Voices: Peter Piot, a Belgian virus-hunter known for his research in Ebola and AIDS, found himself battling the coronavirus physically instead. He is still feeling the infection’s symptoms, which hit him “like a bus” in March.
If you have 15 minutes, this is worth it
How the Taliban outlasted a superpower
The Taliban are on the verge of realizing their biggest desire: U.S. troops leaving Afghanistan. And the group has managed to do so without changing much of its extremist ideology.
At a pivotal moment in the war, our reporters delved into the insurgents’ strategy, through dozens of interviews, including a rare one with Amir Khan Mutaqi, the chief of staff to the Taliban’s supreme leader.
Oil from Iran: An oil tanker has sailed into Venezuela from Iran, the first of five ships expected to arrive in a nation so starved of gasoline that the docking of a single tanker was hailed by government officials as a victory.
Snapshot: Above, traders on the floor of the New York Stock Exchange on Tuesday for the first day of floor trading in two months. Most traders are still working from home; those on the floor must undergo temperature checks and wear masks.
What we’re reading: This GQ profile of Steve Buscemi, who opens up about anxiety and loss. The writer’s interview with Mr. Buscemi was also her last restaurant meal before the pandemic shut down New York City, and it’s everything you need right now.

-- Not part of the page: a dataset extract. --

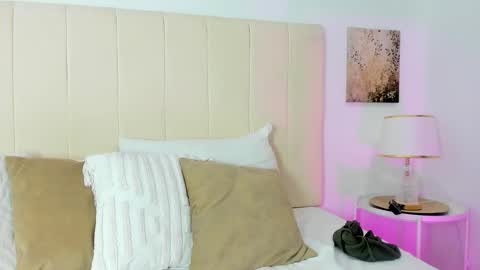 Snapshot of mia_divine__ chatting on January 14, 2026, 4:07 am Mia online show from January 14, 2026, 4:07 am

Now, a break from the news
Cook: Adding English peas to this green pea guacamole “is one of those radical moves that is also completely obvious after you taste it,” says Melissa Clark.
And now for the Back Story on …
First U.S. space launch in nearly a decade
On Wednesday, two NASA astronauts are set to blast off from American soil on an American rocket to space for the first time in nearly a decade. In a first, the launch is being run by a private company, SpaceX, founded by Elon Musk. Sanam Yar, on the newsletters team, spoke with Kenneth Chang, a science reporter at The Times who covers NASA, about the launch. Here’s what he said:
Back in 1968, Pan Am started issuing memberships for its “First Moon Flights” club to space enthusiasts hoping to someday book a commercial flight there. It was a fanciful promotion — the membership card was free — but more than 93,000 people signed up.
Pan Am is long out of business, and we’re still a long way away from someone being able to buy a ticket to the moon, but the SpaceX launch is the first real step toward that dream. Although NASA has been involved in working with SpaceX, this is SpaceX’s operation. In the future, NASA will simply pay the going rate for a ticket to the International Space Station and not be involved with running its own space transportation system to low-Earth orbit.
SpaceX has been somewhat insulated, because although Elon is the visionary (Mars! Internet satellites!) and cheerleader for the company, people look to Gwynne Shotwell, the president and chief operating officer, to keep an even keel for the company’s day-to-day work. Tesla probably needs someone like that.